La globalización y la expansión del capitalismo han configurado un entorno donde la explotación se normaliza. Hambre, pobreza y desplazamientos forzados convierten a grupos vulnerables en medios productivos. Las nuevas esclavitudes alcanzan a trabajadores endeudados, migrantes sin protección, niños soldados y mujeres destinadas a matrimonios forzados. La figura del "amo" se expresa mediante redes clandestinas, mercados laborales precarizados o sistemas migratorios que transforman la necesidad en mercancía.
Las manifestaciones extremas de esta mercantilización incluyen la trata de personas, el tráfico de órganos y la explotación sexual. La Organización Internacional del Trabajo estima millones de víctimas de trabajo forzado y ganancias ilícitas de gran escala. Este fenómeno no se limita a países con instituciones frágiles: en países desarrollados, las visas temporales y los empleos informales crean servidumbres invisibles en sectores como la construcción o la limpieza. La lógica es clara: aprovechar la vulnerabilidad y extraer valor sin responsabilidad social.

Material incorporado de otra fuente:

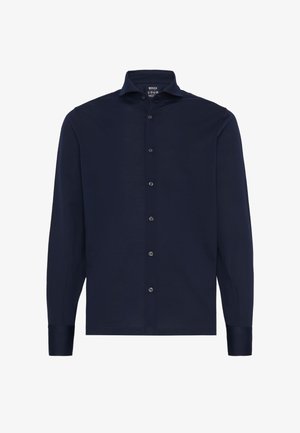 Mornarsko srajco z dolgimi rokavi iz lahkotnega materiala, z gumbi na sprednji strani, koničastim ovratnikom in kontrastnimi gumbi ob zaplatu.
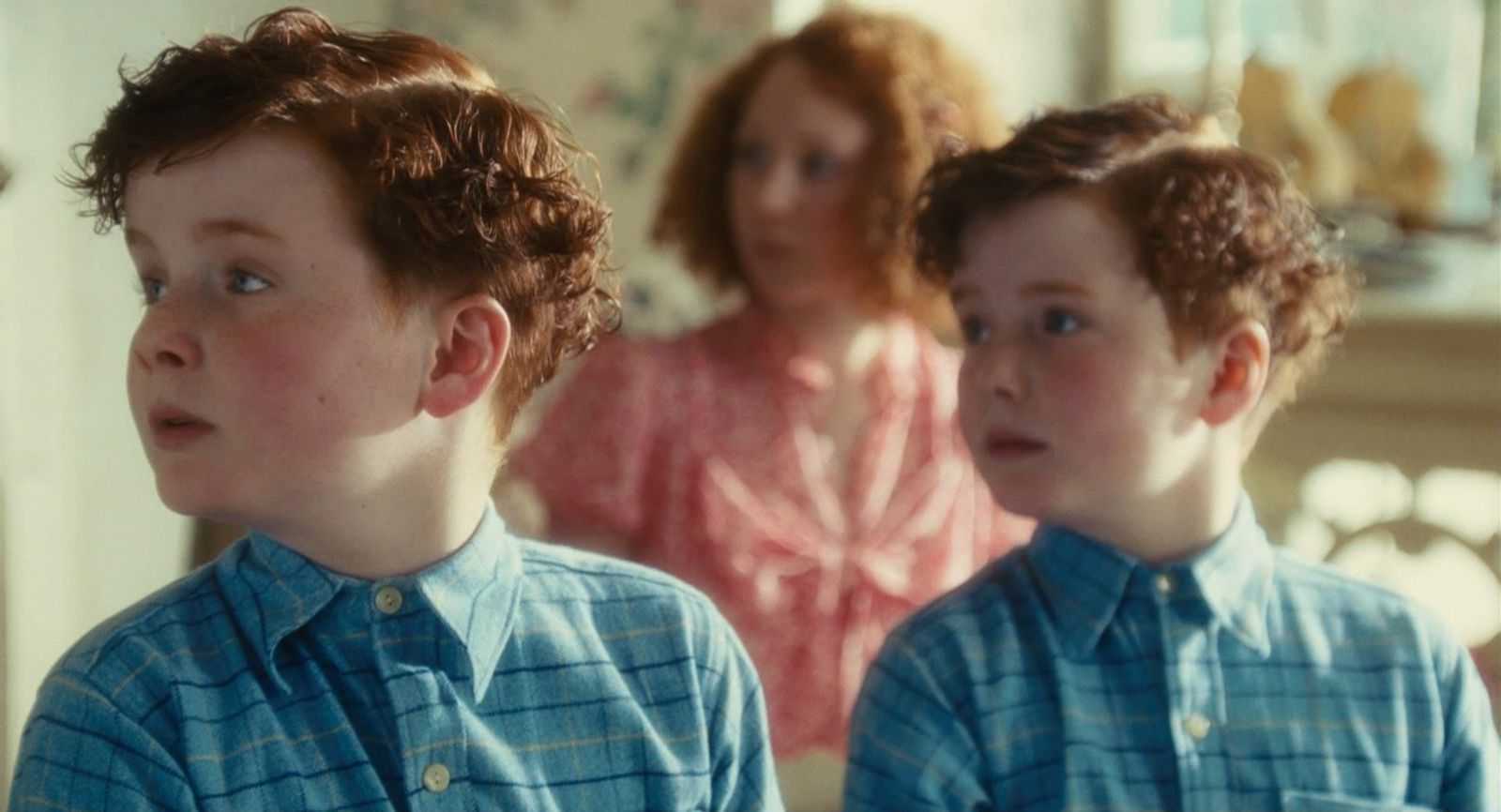 a young boy looking at himself in the mirror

En América Latina y el Caribe, el desempleo y la precariedad laboral empujan a aceptar condiciones indignas, mientras un modelo educativo centrado en la funcionalidad reduce la capacidad crítica. La esclavitud también se manifiesta en contextos legalizados: jornadas extendidas, conexión permanente y beneficios limitados que deterioran salud y bienestar. La meritocracia, presentada como ideal, acaba legitimando la desigualdad al responsabilizar al individuo por fracasar en un sistema adverso.
Este panorama invita a cuestionar el legado de las transformaciones sociales y los avances en derechos humanos: ¿qué queda de esas conquistas cuando millones permanecen en servidumbres modernas? Ortega y Gasset nos advirtió sobre el riesgo de la deshumanización, un fenómeno que se hace palpable en tiempos de crisis social y política. Entonces, la lucha contra las esclavitudes de este milenio no solo es un desafío ético, sino una exigencia política que nos convoca a actuar. Es imperativo que nos unamos en la defensa de la dignidad humana, reconociendo que la sustantiva libertad y la justicia social son derechos que deben ser protegidos y promovidos en todos los rincones del mundo.